When Efforts Fail
What to do, when all good intentions, all good actions, all honest words, all honest love; fails to be seen or understood by those you love beyond anything. Divorce can put anyone in that position, and someone reading this will ask themselves that very question; what to do?
Sorry, there’s no real concrete answer, the only thing that I can say is; keep giving, be thankful for the time you have, don’t expect the moon and stars, and prayers won’t hurt. Just be honest and open, don’t start fights with the ex-spouse or anyone, just be the best human being you can be.
Don’t be in love with Love, that won’t get you anywhere. Doing so will just add to any depression you might be dealing with, love has to be honest, it’s a gift you give sparingly and not to the world. But when is enough enough, that’s where you have to do some soul searching, start by seeing what that part of your life is doing to you, how it’s making you feel; it’s all human and we just can’t save the world or society. Love is a one on one game, unless people are talking about what they don’t know about you when it comes to you and your life.

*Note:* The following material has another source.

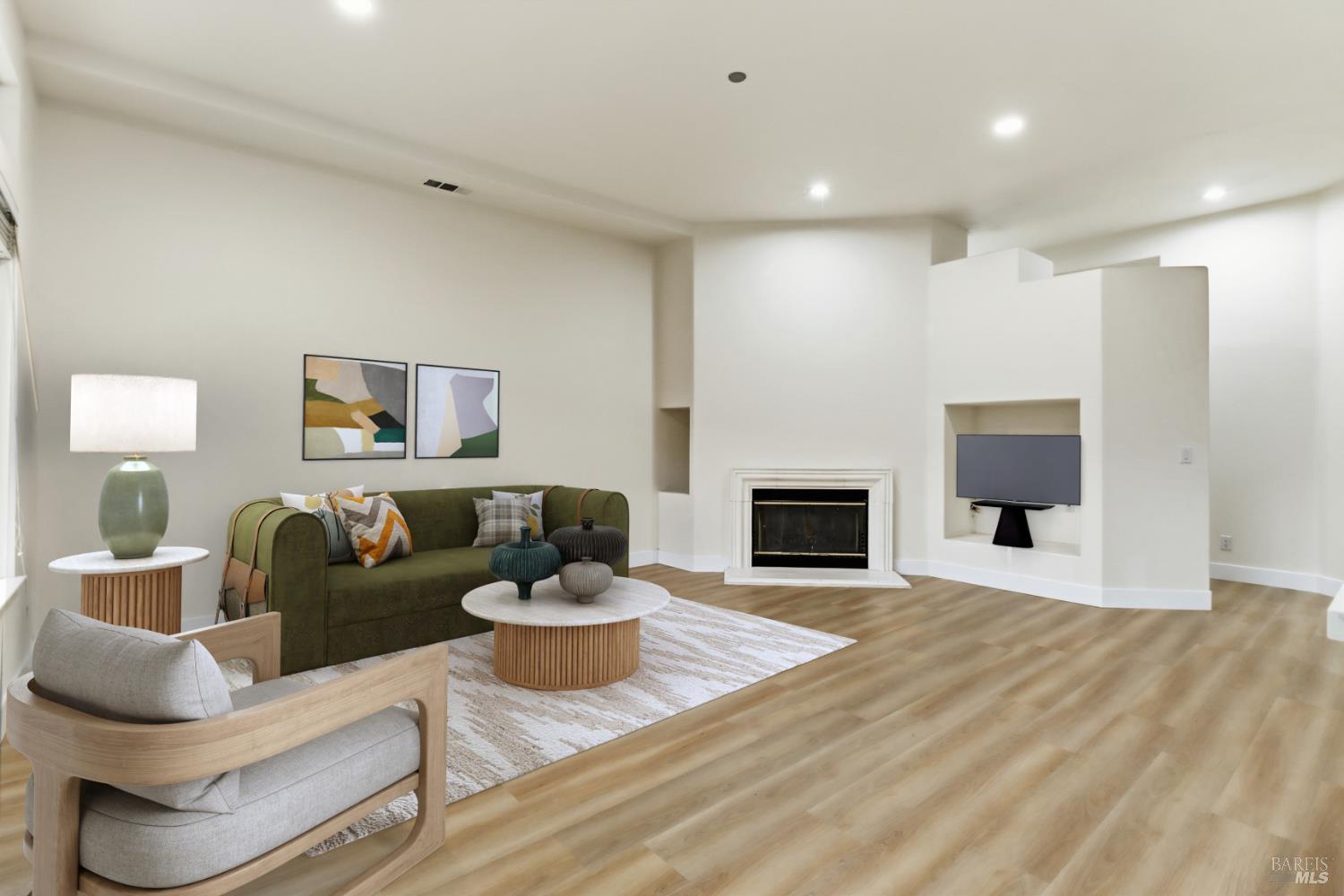 Detail Gallery Image 13 of 66 For 3650 Fullerton Ct, Fairfield,  CA 94533 - 4 Beds | 2/1 Baths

Living is tough enough for anyone these days, just look around, the odds are stacked to the nines and the odds are not in favour of true happiness with depth.
Don’t start fights, can’t do that if some sort of contentment is to be retained in life, all the bicker and blame won’t help; but such a take on life is taken as weakness or non caring, so be it. My ex-wife asked me why our marriage didn’t last, almost a thirty year marriage, it ended in divorce. Oh family was involved, disruptive attitudes against parts of family members, stagnation and dominance; if marriage were soil, it would be hard to grow a dandelion in those conditions.
But she asked, and I didn’t answer, didn’t want to start the fight due to a selfish question, if she doesn’t know by now; then there is no showing her the truth. I do though wish her well in her new life, even though I question her past actions in regards to our children, the things I don’t know, or weren’t told and should have been told. The words my children heard about me or about them by their mother, how constricting to life those words were, words that should never have been spoken; without knowledge and understanding. But I keep thinking, don’t start the fight.
But then it is true, most attitudes in marriage that silently chip away at a marriage, they are actually chipping away at love, but it’s common today. But then anyone that has read the Bible, knows well that it is a book of Love, so what if that silent chipping away at a marriage that is supposed to be a union of love, what if that silent chipping is also chipping away at God’s place in a marriage brought together in his name. Where will such chipping away leave the children, maybe not today, but in all of their tomorrows.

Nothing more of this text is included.